Tajikistan President signs Chinese agricultural textile industry park deal in December 2014.

On April 28, China announced the first "National-Level Foreign Agricultural Industry Park" on the Russia-Heilongjiang border. The park was established in 2004 by Heilongjiang Dongning Huaxin Group and reportedly has 68,000 hectares of cropland and livestock processing with investment of $120 million.

"Agricultural 'going out' is not just going overseas to 'cultivate land,'” said Farmers Daily. It is also investment in up- and down-stream industries like processing, logistics, storage and seed; strengthening cooperation in grain, ocean fishing and other key industries; and nurturing a set of large internationally competitive multinational companies. It also involves building a transportation network to link up Asia with Europe and Africa to reduce logistics costs and remove bottlenecks to moving agricultural products.

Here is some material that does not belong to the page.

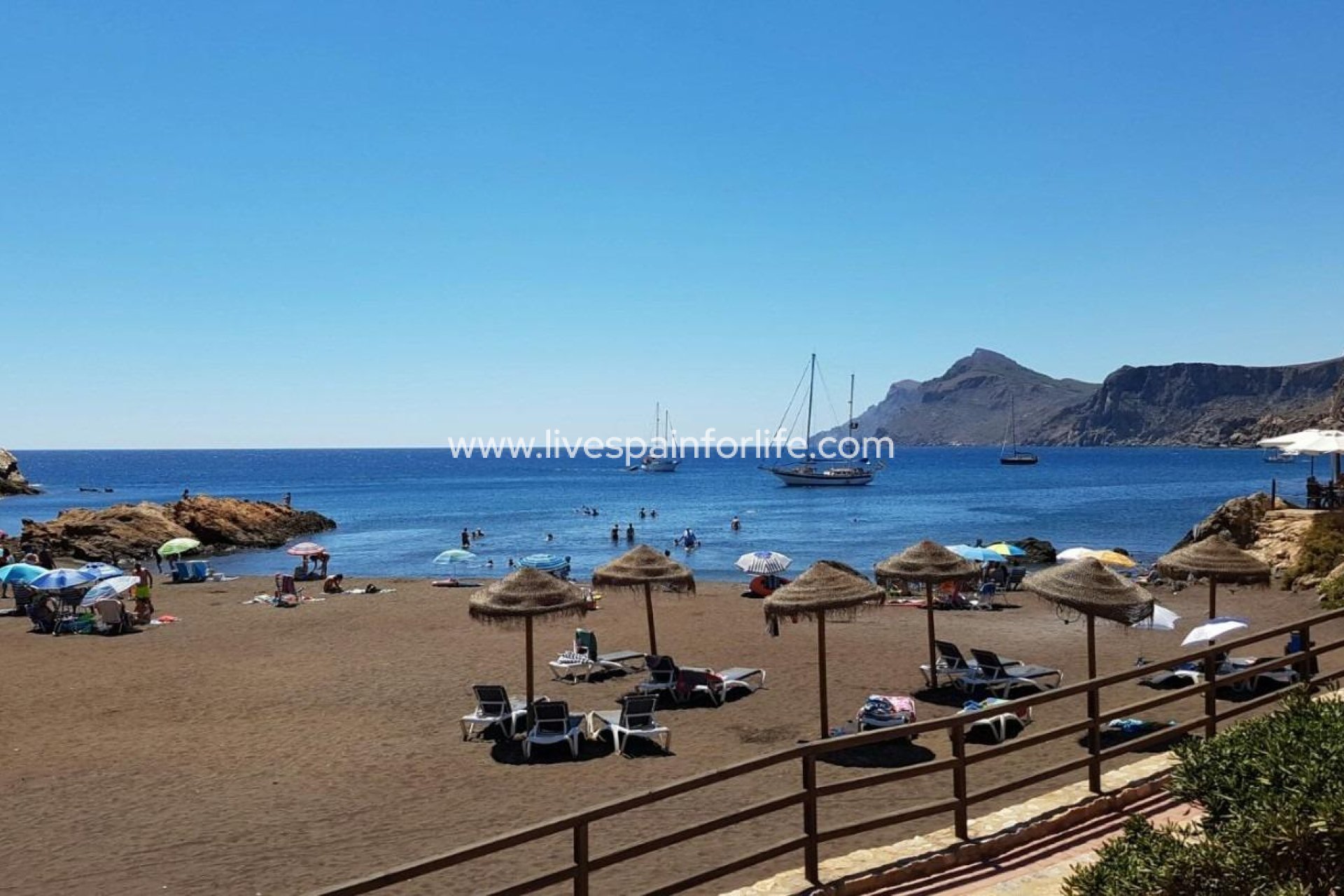  -  -
La Union - centro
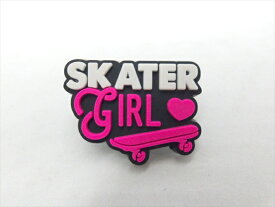 ◎【ラバーバッジ/rubber badge】『 SKATER GIRL / ピンバッジ 』バッジ バッチ ピンバッチ スケボー スケートボード ゴム製 ファッション雑貨 アメ雑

And all this needs to be financed. Loans from the Asian Infrastructure Investment Bank, BRIC Development Bank, Shanghai Cooperation Bank, and Silk Road Investment Fund are four financing "platforms," supplemented by provincial funds, other banks and investors.

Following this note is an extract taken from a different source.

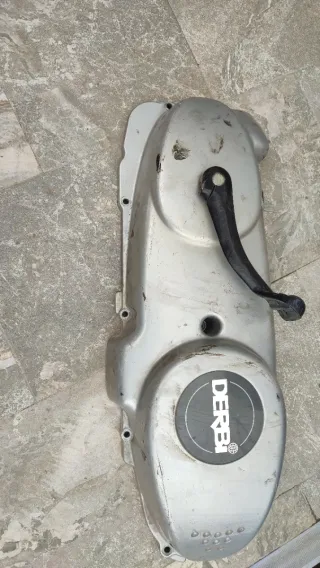 Tapa correa Derbi Hunter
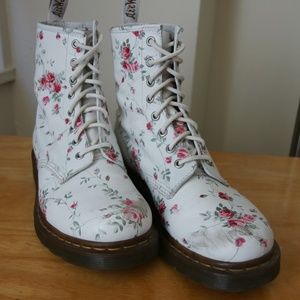 White/floral Dr Martens Sz 9 Ladies UK 7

State-owned commercial banks are also in the act. The Agricultural Bank of China promises to support Chinese companies "going out" to propel the "one belt, one road" initiative. The bank says it has already set up a work mechanism for this task, "paying close attention to the government's foreign investment strategy in agriculture, energy, and transportation." The bank is compiling a catalog of potential investments, setting aside funds for companies "going out," and expanding export insurance and other risk management products. The Agricultural Bank has signed an agreement on agricultural investment with the Tajikistan Agricultural Investment Bank. The bank is lending $60 million for a railroad to Tajikistan and 20 million Euros for an infant formula factory in France.

"With people, money, land, infrastructure, 'one road, one belt' can be called the 'east wind' for China’s agricultural 'going out,'” said Farmers Daily.

In March, agricultural officials of Shaanxi Province held a meeting with business leaders where they heard that agriculture is an important area for developing economic cooperation in Central Asia under the new silk road initiative. Leaders of 14 companies, including Haisheng Fruit Development Co.--the leading supplier of apple juice concentrate--heard about opportunities and support policies for "going out." Each company explained their experience with foreign investment, plans and difficulties they face. Jiangxi Province had a similar meeting in April.

At the Agricultural Development Forum, Cheng Guoqiang said Kazakhstan has great potential to produce more wheat since its average yield is only one-fifth that of China. Let's hope China is aware of the Aral Sea disaster that shows the consequences of short-sighted crop production in an arid region.